Case Study
A North American Airline: Customer Service Transformation

From bankruptcy to first-class customer service: how a once-beleaguered airline transformed itself and saw customer satisfaction soar almost 50%


    At a Glance
  • INDUSTRY:
  • Airline
  • GEOGRAPHY:
  • This Quebec-based company offers flights within Canada, between Canada and the U.S., and to every major international destination
  • CHALLENGES:
  • Low customer satisfaction
  • Sluggish employee morale
  • Emerging from bankruptcy
  • RESULTS:
  • The percentage of customers polled who said they would recommend the airline to family and friends rose from 41% to 63% — a nearly 50% jump.
  • The customer loyalty increase produced an estimated $250 million to $350 million in revenues.
    More than 400 company-wide problems were solved.
  • On-time flight performance increased by 12%.
  • Complaints due to lost baggage were reduced to 10-year lows.

The Background

In 2000, one North American airline merged with its intra-country rival to form its country’s largest full-service airline. Unfortunately, bringing together the people, the processes, and the cultures of these two proud companies proved more than difficult. With employees more focused on protecting one’s own turf than on serving the 32 million annual customers, the airline filed for bankruptcy protection in 2003. Not only had the airline’s financial situation deteriorated significantly, so had its reputation with the public.

One executive realized that unless the people of the company fundamentally changed their ways of operating, it would not be long after emerging from bankruptcy protection than the airline would find itself fighting for its life. It was evident to this executive that the airline’s current management style was a top-down, command-and-control approach best suited for ordering people, not for serving people. He was clear that this management style, though not the sole reason, had contributed to the airline’s fall into bankruptcy and, without a shift in approach, this once mighty airline would never reclaim true operational and financial success nor reclaim a worthy reputation with its countrymen.

The Insigniam Impact

Shocked by pitifully low customer loyalty scores and the airline’s almost-certain future, the executive vice president of customer experience took action. The executive reached out to Insigniam to re-energize the company’s workforce, re-focus attention on the customer, and develop a culture of leadership, individual accountability, and empowerment at all levels of the organization.

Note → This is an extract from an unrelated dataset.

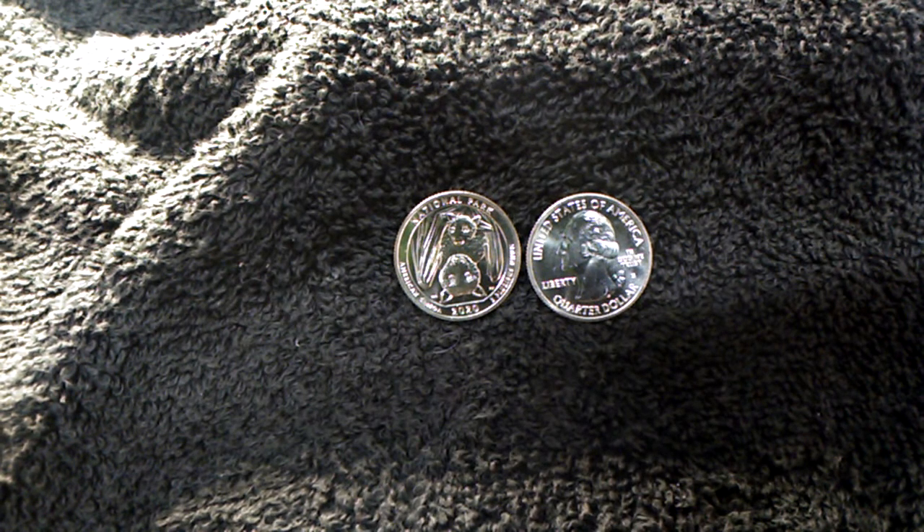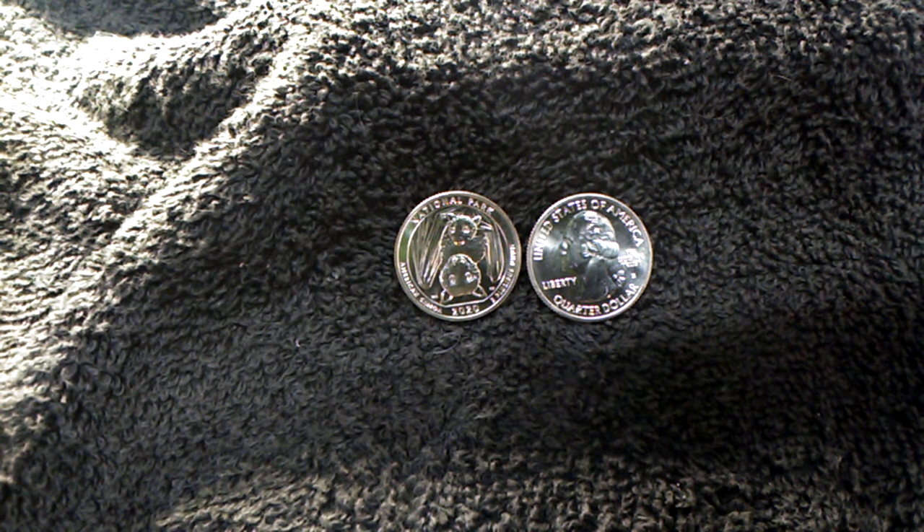Hey guys, welcome back. In this video I'm going to show you some America the Beautiful National Park American Samoa coins. These quarters, some people call them the bat quarter because, you know, obviously they have bats on them.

By the end of Insigniam’s eight months of work with the airline, customer loyalty scores had risen nearly 50%, producing an estimated $300 million in increased revenue. Employees at all levels resolved more than 400 chronically broken business systems producing, by the company’s estimation, more than $175 million in annual cost savings. Over eight months, on-time performance rose nearly 12% and complaints due to lost baggage decreased to a 10-year low. Additionally, employees at all levels reported significantly new levels of partnership and trust, especially with senior management who engaged in the work as full participants alongside their colleagues in the operation.

The leader who took a stand for cultural transformation

Before designing a new, compelling future for the Customer Experience organization and aligning on the objectives and initiatives to move the organization forward, Insigniam had the management team confront the notion that the executives were the obstacles to organizational transformation. Any change would require the executives taking responsibility for the condition that, though they may not have created, they had been leading and perpetuating. Clear that the top-down, command-and-control management style was not working, the Customer Experience management team came together with Insigniam for a two-day Catalytic Consulting® Session.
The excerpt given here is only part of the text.